Create a Firepower URL Object

Firepower Threat Defense (FTD) URL objects are reusable components that specify a URL or IP address. The Firepower Defense Manager and Firepower Management Center also refer to these objects as "URL Objects."

  1. Click the Objects tab to open the Objects page.
  2. Click Create Object > FTD > URL.   
  3. Enter an object name and description.
  4. Select Create a URL object.
  5. Enter the specific URL or IP address for your object. 
  6. Click Add.

Create a Firepower URL Group

A URL group can be made up of one or more URL objects representing one or more URLs or IP addresses. The Firepower Defense Manager and Firepower Management Center also refer to these objects as "URL Objects."

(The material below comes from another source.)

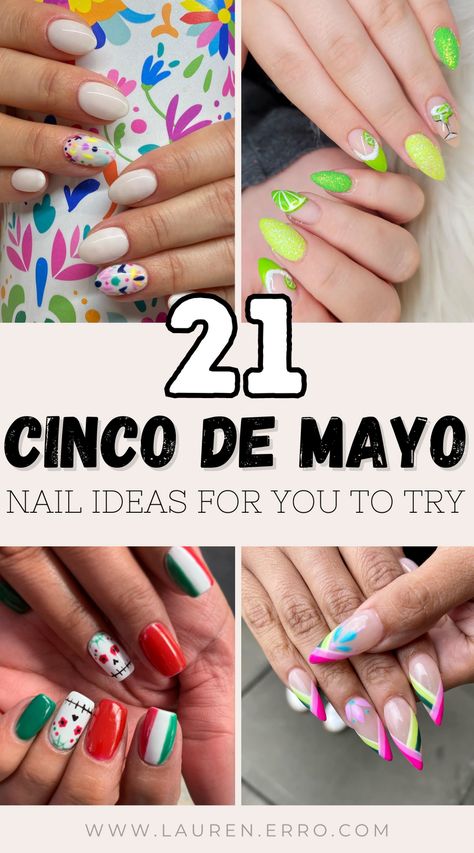 This post has a round-up of 21 Colorful Cinco De Mayo Nail Ideas. From intricate artwork to fun and whimsical designs there are so many colorful, fun, and cute nail ideas here for your Cinco De Mayo celebrations. Mexico Theme Nails, Mexico Nail Art, Hispanic Heritage Nails, Hispanic Heritage Month Nails, Margarita Nails Design, Mexican Independence Day Nails, Mexican Vacation Nails, Mexican Nail Art Mexico, Mexican Theme Nails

  1. Click the Objects tab to open the Objects page.
  2. Click Create Object > FTD > URL.   
  3. Enter an object name and description.
  4. Select Create a URL group.
  5. Add an existing object by clicking Add Object, selecting an object, and clicking Select. Repeat this step to add more objects.
  6. Click Add when you are done adding URL objects to the URL group.

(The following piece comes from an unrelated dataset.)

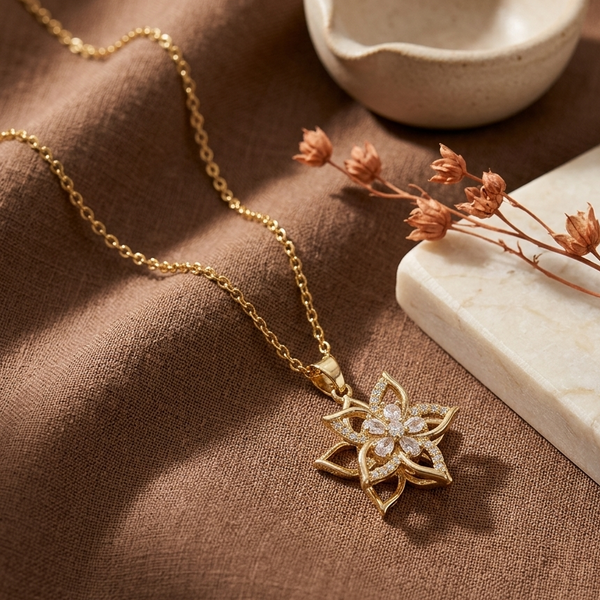 Golden Blossom Radiance Pendant (Anti-Tarnish)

Edit a Firepower URL Object or URL Group

  1. Click the Objects tab to open the Objects page.
  2. Filter the objects to find the object you want to edit and then select the object in the object table.
  3. In the details pane, click edit.png to edit.
  4. Edit the values in the dialog box in the same fashion that you created them in the procedures above. 
  5. Click Save.
  6. CDO displays the policies that will be affected by the change. Click Confirm to finalize the change to the object and any policy affected by it.

Important Notes

When creating URL objects, keep the following points in mind:

  • If you do not include a path (that is, there is no / character in the URL), the match is based on the server’s hostname only. The hostname is considered a match if it comes after the :// separator, or after any dot in the hostname. For example, ign.com matches ign.com and www.ign.com, but it does not match verisign.com.
  • If you include one or more / character, the entire URL string is used for a substring match, including the server name, path, and any query parameters. However, we recommend that you do not use manual URL filtering to block or allow individual web pages or parts of sites, as servers can be reorganized and pages moved to new paths. Substring matching can also lead to unexpected matches, where the string you include in the URL object also matches paths on unintended servers or strings within query parameters.
  • The system disregards the encryption protocol (HTTP vs HTTPS). In other words, if you block a website, both HTTP and HTTPS traffic to that website is blocked, unless you use an application condition to target a specific protocol. When creating a URL object, you do not need to specify the protocol when creating an object. For example, use example.com rather than http://example.com.
  • If you plan to use a URL object to match HTTPS traffic in an access control rule, create the object using the subject common name in the public key certificate used to encrypt the traffic. Also, the system disregards subdomains within the subject common name, so do not include subdomain information. For example, use example.com rather than www.example.com.

However, please understand that the subject common name in the certificate might be completely unrelated to a web site’s domain name. For example, the subject common name in the certificate for youtube.com is *.google.com (this of course might change at any time). You will get more consistent results if you use the SSL Decryption policy to decrypt HTTPS traffic so that URL filtering rules work on decrypted traffic.

Note: URL objects will not match HTTPS traffic if the browser resumes a TLS session because the certificate information is no longer available. So even if you carefully configure the URL object, you might get inconsistent results for HTTPS connections.